Book by Mary Downing Hahn

First edition (publ. Clarion Books)
Cover art by Alix Berenzy

The Doll in the Garden: A Ghost Story is a children's novel by Mary Downing Hahn. It was first published in 1989.

==Summary==
Still angry over the recent death of her father, ten-year-old Ashley moves with her widowed mother into the upper floor of a boarding house owned by mean-spirited Ms. Cooper, who dislikes children. In spite of Ms. Cooper's warnings to stay out of the house's overgrown and neglected garden, Ashley goes exploring and meets a younger neighbor, Kristi. Kristi tells her the neighborhood kids believe the garden is haunted by a ghostly cat, and that they hear mysterious crying coming from the hedges. Later that night, Ashley also hears crying in the garden.

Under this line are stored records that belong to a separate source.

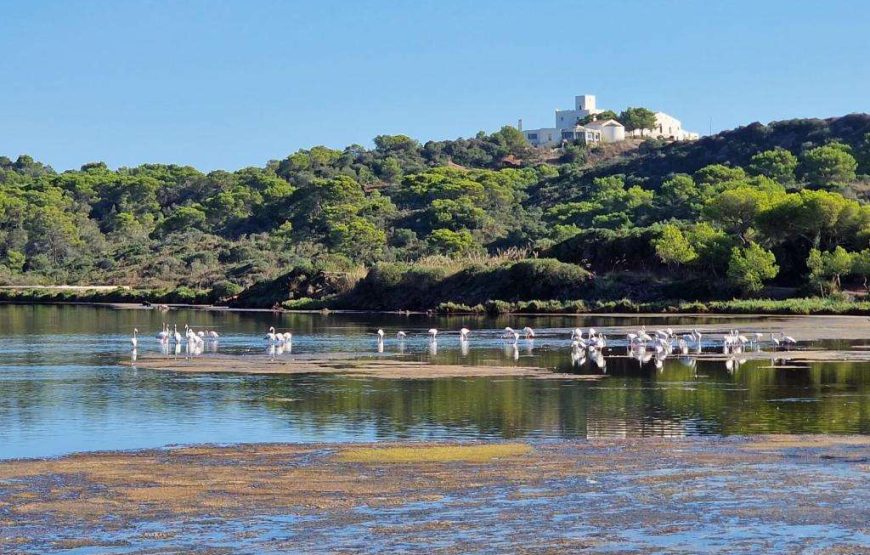 Agriturismo Mongofre Nou
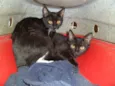 Gatinhos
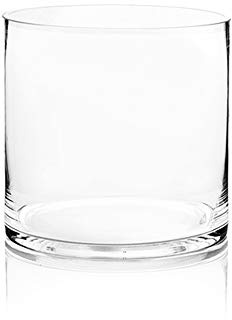 WGV Cylinder Vase, Width 8, Height 8, Clear Wide Large Diameter Flower Glassware, Floral Container, Planter Terrarium for Wedding Party Event, Home Accent Decor, 1 Piece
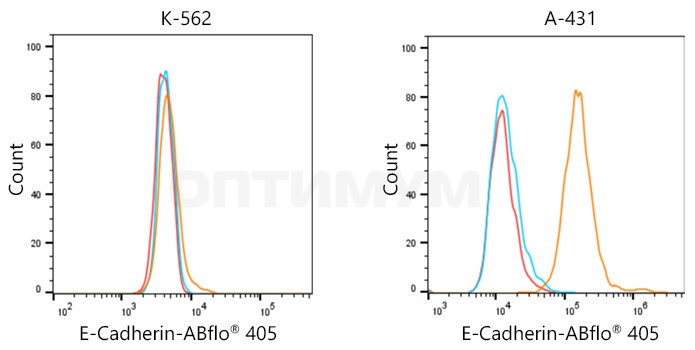 Антитела Anti-Rabbit IgG (H+L) козьи, поликлональные, коньюгированые с ABflo 408, ABclonal
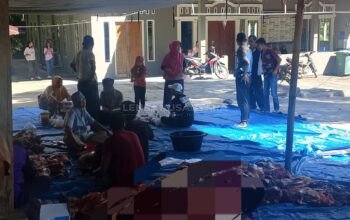 Empat Ekor Sapi Kurban Dipotong di Masjid Mujahidin Sungai Cocang, Warga Bersyukur Ada Peningkatan
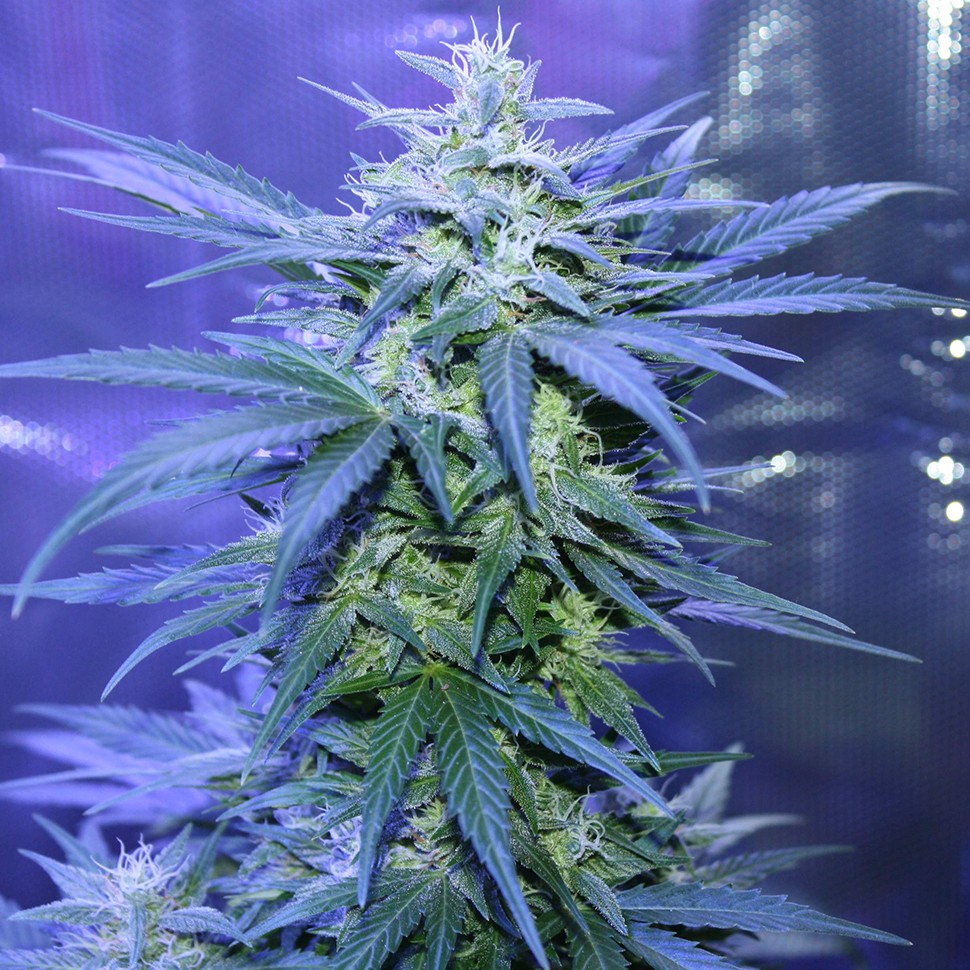 заказ семян конопли Auto AK 47 regular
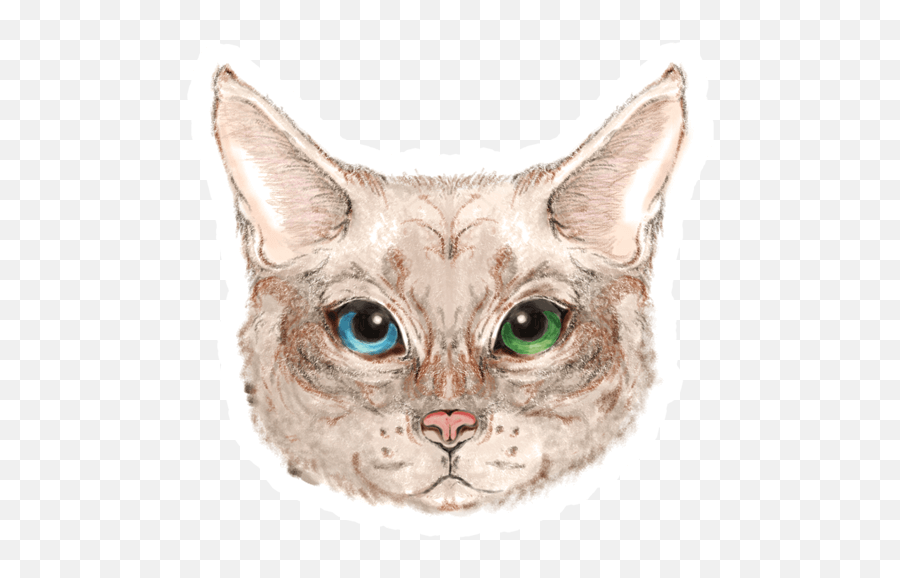 Download Cat Head Sticker - Domestic Cat Png,Cat Head Png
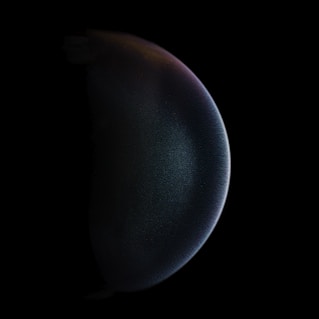 black round ball on white background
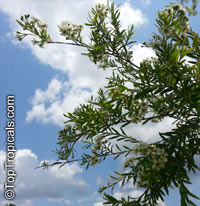 Sannantha similis, Babingtonia similis, Babingtonia, Tall Baeckea

Click to see full-size image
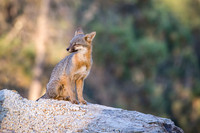 Gray Fox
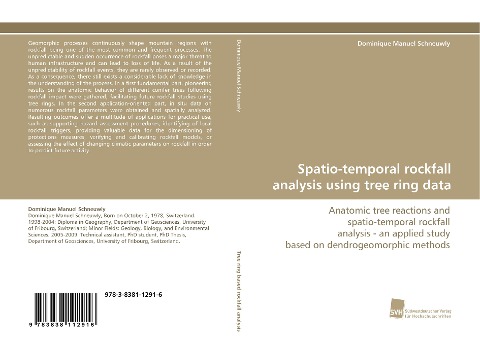 Spatio-temporal rockfall analysis using tree ring data: Anatomic tree reactions and spatio-temporal rockfall analysis - an applied study based on dendrogeomorphic methods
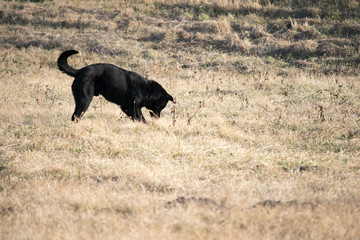 hungry dog looking for food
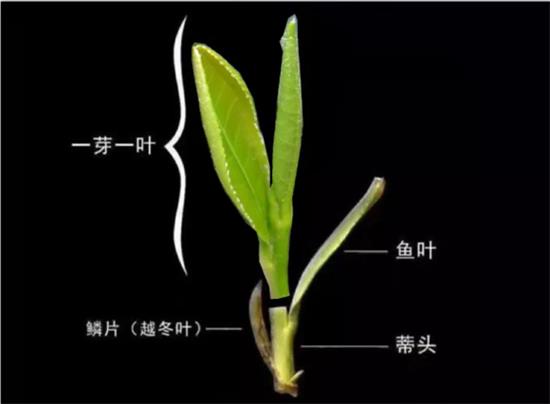 摘茶葉最快的方法，采摘茶葉怎么才能快？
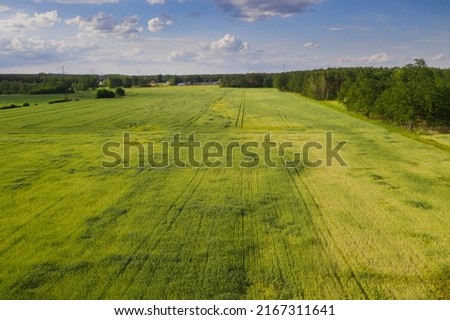 Vast, flat terrain covered with green arable fields and meadows. You can see a dirt road, clumps of trees, and a coniferous forest on the outskirts. View from height, photo taken with a drone.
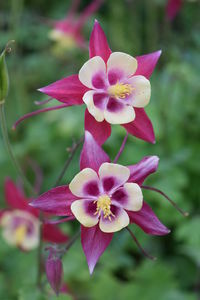 Close-up of pink flowers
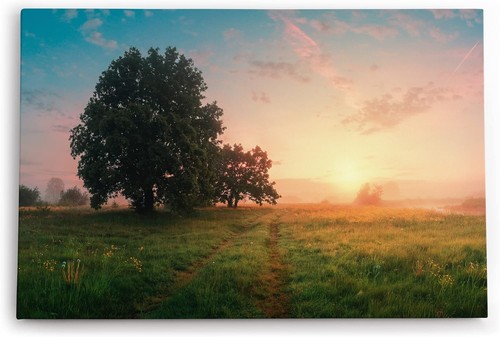 Quadro 120x80 alba - quadro, cm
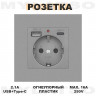 Розетка встраиваемая с USB Type-c и заземлением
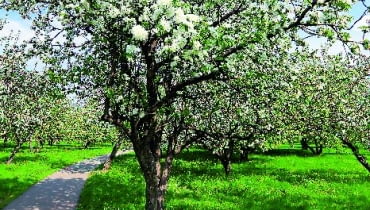 Gałązki rajskich jabłonek gęsto obsypane drobnymi owocami robią naprawdę duże wrażenie... Gałązki rajskich jabłonek gęsto obsypane drobnymi owocami robią naprawdę duże wrażenie...
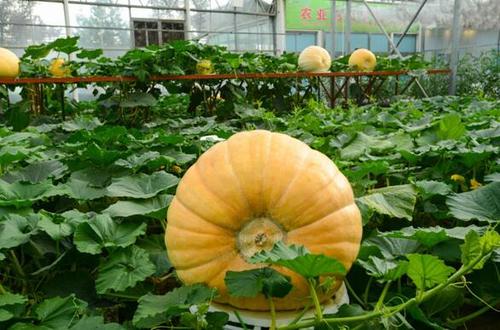 1129541198_16819575229191n.jpg 1129541198_16819575229191n.jpg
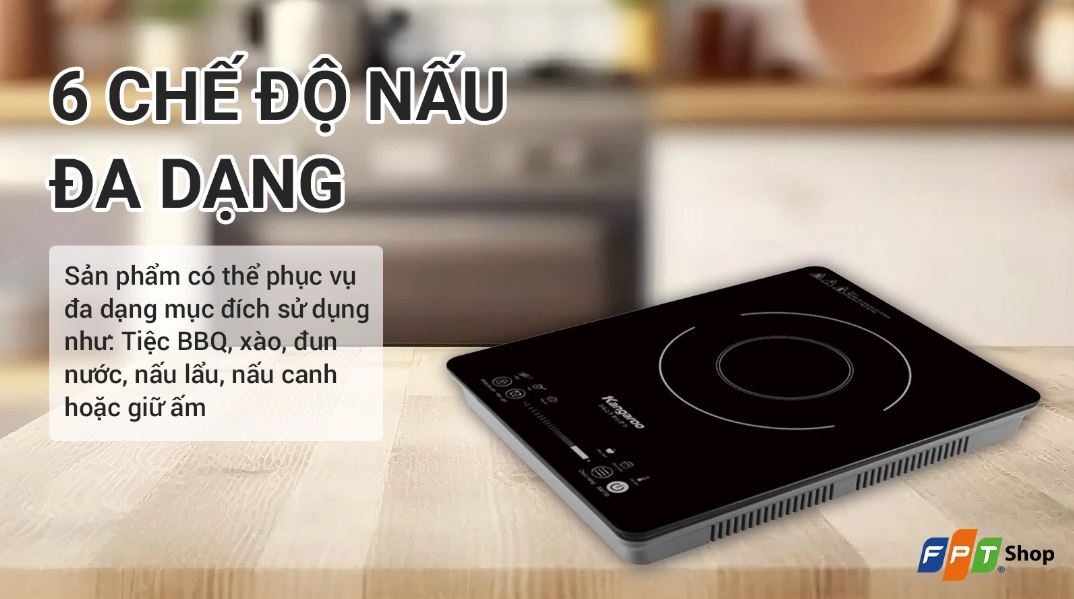 bếp từ giá rẻ loại nào tốt nhất 2024 04
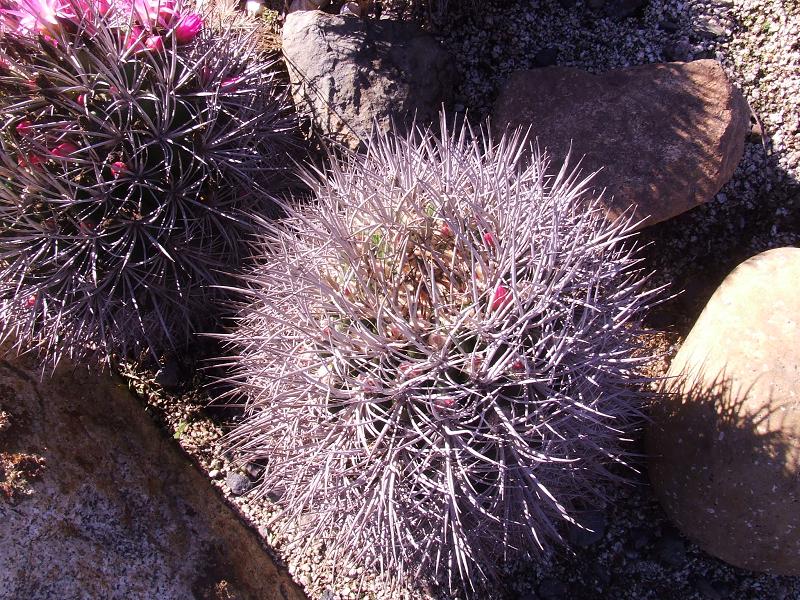 N. nigrihorrida, alrededores de Coquimbo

Ashley convinces Kristi to help her clean up the garden. While pulling weeds, Kristi uncovers a buried box containing an antique doll named Anna Maria, along with a handwritten apology from a girl named "Carrie" addressed to "Louisa." As the girls wonder who Carrie and Louisa might be, the white cat appears. The girls hear Ms. Cooper approach and quickly hide the doll, but Ms. Cooper, seeing the cat, is terrified. That night Ashley hears crying in the garden once more. Believing Anna Maria is crying from loneliness, she slips outside and takes the doll into the house, hiding her in a dresser. The crying ceases, and Ashley believes she has solved the mystery.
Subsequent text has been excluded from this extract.